_What you should do_
Return the listing below exactly. Leave its pictures out.

_Input_
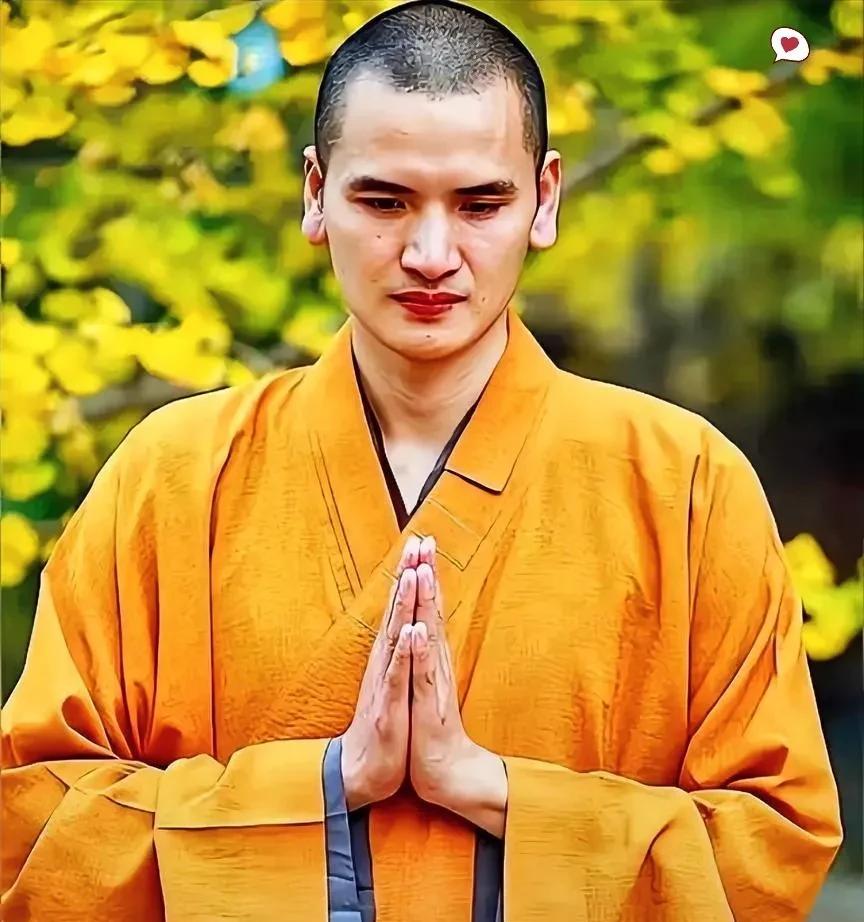 释明心这一巴掌
打得释永信太疼了！
释明心: 80后出家和尚的真实模样与释永信不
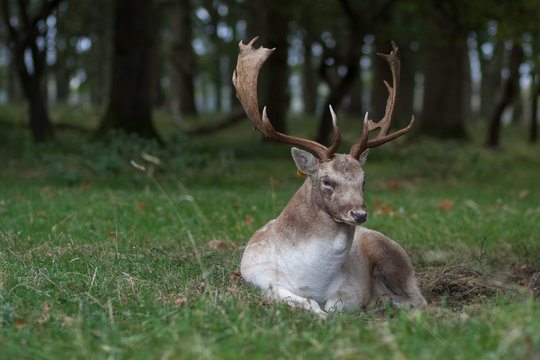 Deer Spotted In Phoenix Park, Dublin	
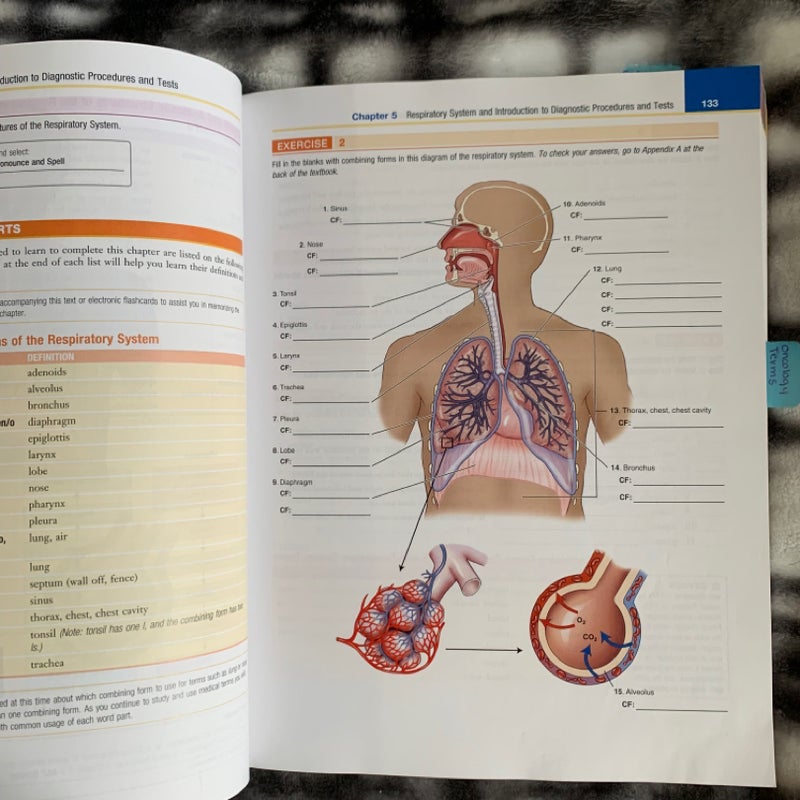 Exploring Medical Language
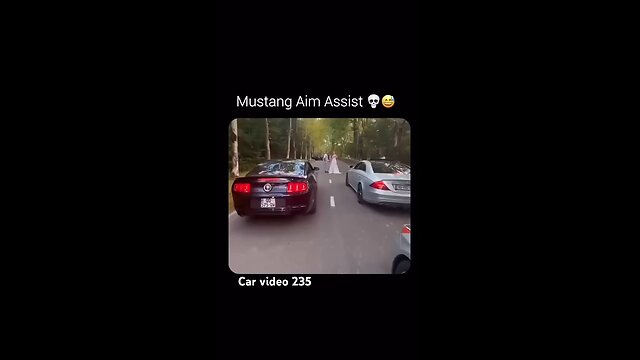 Mustang Have Aim assist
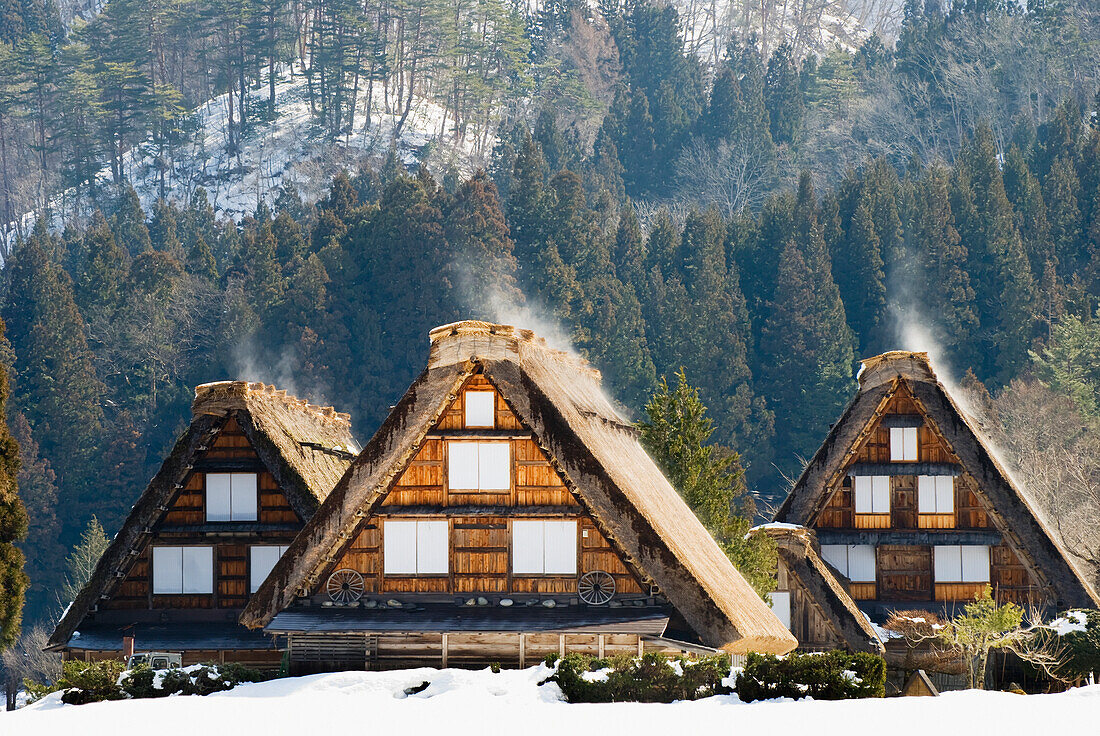 Drei traditionelle japanische Dorfhäuser mit Strohdächern dampfen in der morgendlichen Wintersonne; Shirakawa, Gifu, Japan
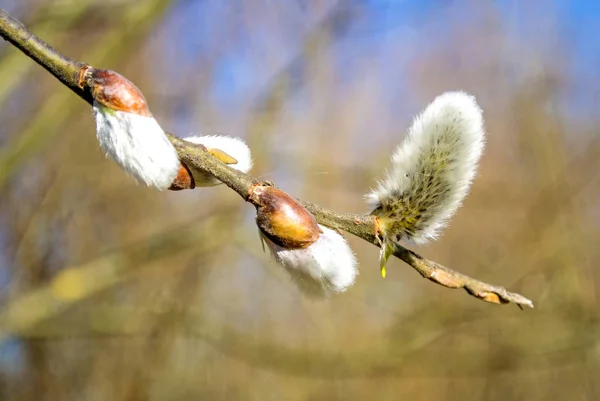 Willow Blossom Primer Plano Disparo — Foto de Stock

_Exercise output_
 释明心这一巴掌
打得释永信太疼了！
释明心: 80后出家和尚的真实模样与释永信不
 Deer Spotted In Phoenix Park, Dublin	
 Exploring Medical Language
 Mustang Have Aim assist
 Drei traditionelle japanische Dorfhäuser mit Strohdächern dampfen in der morgendlichen Wintersonne; Shirakawa, Gifu, Japan
 Willow Blossom Primer Plano Disparo — Foto de Stock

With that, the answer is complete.